September 16, 2016 at 3:39 pm

Arts & Sciences Offers New Teaching Workshops and Two Teaching Certificates for Graduate Students

From left, faculty faciliators Lara Wallace, Erik Boczko, Carmelinda Chilelli, Muriel Gallego, and Edna Lima.

From left, faculty facilitators Lara Wallace, Erik Boczko, Carmelinda Chilelli, Muriel Gallego, and Edna Lima.

By Lara Wallace and Muriel Gallego

The College of Arts & Sciences offers a new professional development program to support graduate students through the challenges of teaching. Two Graduate Teaching Certificates and a series of workshops are now available, each providing practical advice on different variables of the profession.

After a successful year of the TA Professional Development Workshop Series in 2015-16, Arts & Sciences faculty members Dr. Muriel Gallego, Associate Professor of Modern Languages, Dr. Erik Boczko, Lecturer in Mathematics, Carmelinda Chilelli, Lecturer in Modern Languages, Dr. Edna Lima, Lecturer in the English Language Improvement Program, and Dr. Lara Wallace, Lecturer in English Language Improvement Program, are continuing the workshop series and piloting a Graduate Teaching Certificate program during 2016-17.

After completing a workshop on creating a Winning Impression in the classroom last March, an enthusiastic attendee shared this feedback in the anonymous workshop evaluation: “This workshop was great! I taught a class immediately after, and I used one of the tips suggested by the facilitators, and it worked!
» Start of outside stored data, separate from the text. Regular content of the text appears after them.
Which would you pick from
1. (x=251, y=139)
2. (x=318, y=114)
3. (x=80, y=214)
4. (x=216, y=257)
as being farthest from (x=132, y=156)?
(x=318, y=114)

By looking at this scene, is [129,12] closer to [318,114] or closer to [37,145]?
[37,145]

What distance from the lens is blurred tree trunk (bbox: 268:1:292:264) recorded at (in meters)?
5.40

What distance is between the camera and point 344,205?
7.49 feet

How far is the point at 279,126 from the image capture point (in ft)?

My students magically had questions to ask me. I really hope workshops like this will be offered more often: one thing is to be prepared on a content area, another is to know how to present it to an audience.” Such affirming feedback from the participants was pivotal for the continuation of the workshop series and in the creation of the Graduate Teaching Certificate programs.
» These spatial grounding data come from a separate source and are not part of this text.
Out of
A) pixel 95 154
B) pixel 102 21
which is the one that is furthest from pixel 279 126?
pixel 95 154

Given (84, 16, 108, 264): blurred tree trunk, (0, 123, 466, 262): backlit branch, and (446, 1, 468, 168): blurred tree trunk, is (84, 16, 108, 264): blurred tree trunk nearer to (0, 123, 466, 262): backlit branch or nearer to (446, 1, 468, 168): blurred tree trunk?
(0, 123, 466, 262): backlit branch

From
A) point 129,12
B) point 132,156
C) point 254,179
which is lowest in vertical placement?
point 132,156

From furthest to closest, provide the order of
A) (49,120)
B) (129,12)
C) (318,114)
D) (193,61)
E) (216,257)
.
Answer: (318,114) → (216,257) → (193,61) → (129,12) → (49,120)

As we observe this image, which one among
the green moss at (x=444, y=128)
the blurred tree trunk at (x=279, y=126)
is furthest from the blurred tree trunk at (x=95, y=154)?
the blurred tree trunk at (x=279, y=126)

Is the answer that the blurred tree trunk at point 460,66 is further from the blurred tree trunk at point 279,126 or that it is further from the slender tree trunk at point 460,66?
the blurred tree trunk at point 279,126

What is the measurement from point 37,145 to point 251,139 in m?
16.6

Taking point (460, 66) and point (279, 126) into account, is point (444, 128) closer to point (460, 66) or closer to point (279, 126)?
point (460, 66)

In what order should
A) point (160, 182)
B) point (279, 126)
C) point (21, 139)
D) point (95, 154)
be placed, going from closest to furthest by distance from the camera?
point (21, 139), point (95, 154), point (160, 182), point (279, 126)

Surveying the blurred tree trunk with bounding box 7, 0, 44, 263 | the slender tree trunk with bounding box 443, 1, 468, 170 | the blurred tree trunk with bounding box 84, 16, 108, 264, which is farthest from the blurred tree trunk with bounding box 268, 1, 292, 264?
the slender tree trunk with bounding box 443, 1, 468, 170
For those who are new to teaching, standing at the front of the classroom can be a daunting experience regardless of how well they know the content. Although several departments offer some TA training, others do not, leaving new TAs to “sink or swim” during their first semester.

Indicative from the comment above, last year’s workshops were very well received and more importantly, their content was useful and immediately applicable. After completing the final workshop of the semester, one attendee wrote, “[An] activity I really liked was during the Winning Impression workshop where we videotaped ourselves. It was very helpful because I would never videotape myself, and upon reviewing my video, I realized that I did a lot of things that weren’t conducive to a “winning impression” in teaching (use of “um”, talking too fast, etc..) In the Classroom Management [workshop], I thought the part about using humor was informative, especially that sarcasm should be avoided. I have this [workshop’s materials] saved to my desktop!” commented Janson Campbell, an M.A. student-Modern Languages.

This year’s workshop series will be similar to last year’s, and just as practical. Topics include classroom management, how to prepare for the job market, creating a winning impression in the classroom, becoming a more effective and less-stressed TA—how to manage your time and responsibilities, and micro-teaching scenarios. The series will be offered both in the fall and spring semester.

This year, graduate students in the College of Arts & Sciences now have more opportunity for professional development through the new Graduate Teaching Certificate program. Many universities in the United States offer graduate teaching certificates. Because of the wide recognition of their value, Ohio University recipients will be more competitive in the job market and/or with continuing their higher education.

There will be two types of certificates available for graduate students, the Graduate Teaching Certificate, and the Advanced Graduate Teaching Certificate. While both certificates share some of the requisites, the Advanced Graduate Teaching Certificate is geared toward graduate students who are holding a TA position and officiating as instructor of record for the courses they teach, and the Graduate Teaching Certificate is available to any graduate student in the college. These two certificate programs are non-academic and will not appear in the students’ transcripts. They are, however, a great asset and a wonderful opportunity for professional development as they will enhance teaching skills, help prepare graduate students for the job market, and contribute to the quality of education that our TAs offer to Ohio University.